Data segment:
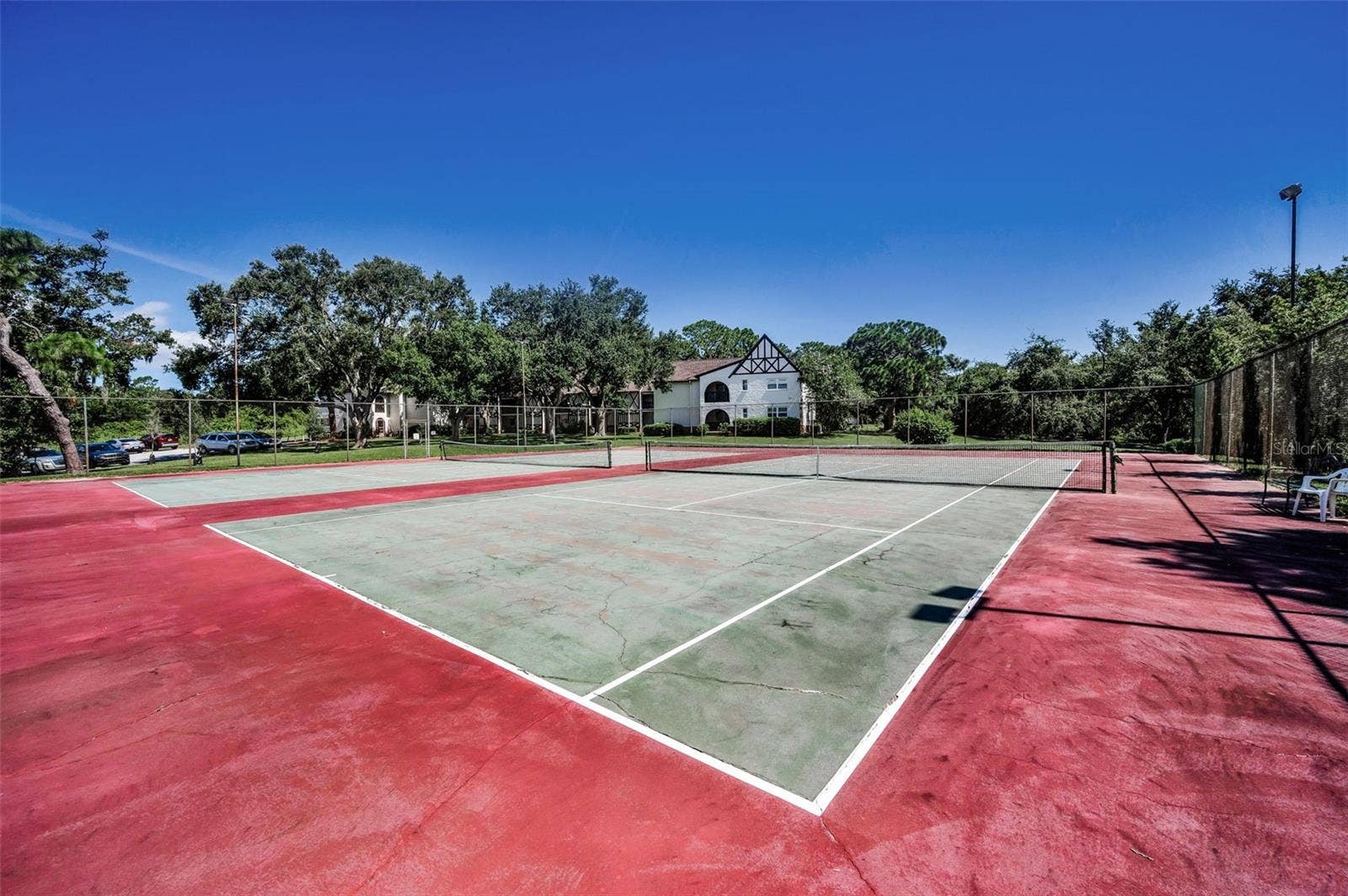 420 N BAYSHORE BOULEVARD, #104, Clearwater, FL 33759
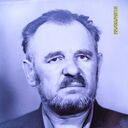   ,   , 88 ,   ,   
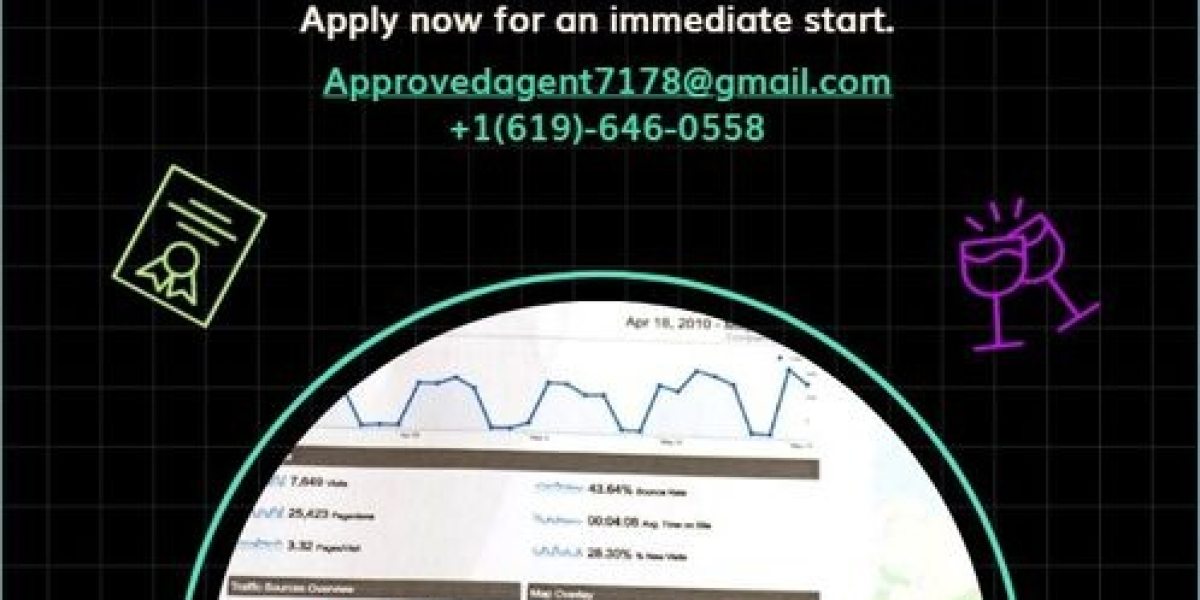 Immediate Hire: Online Data Entry Job | $25/HR + Bonuses + Benefits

Task instructions: Retype word for word all the material given above, and keep the pictures out.

Answer section:
 420 N BAYSHORE BOULEVARD, #104, Clearwater, FL 33759
   ,   , 88 ,   ,   
 Immediate Hire: Online Data Entry Job | $25/HR + Bonuses + Benefits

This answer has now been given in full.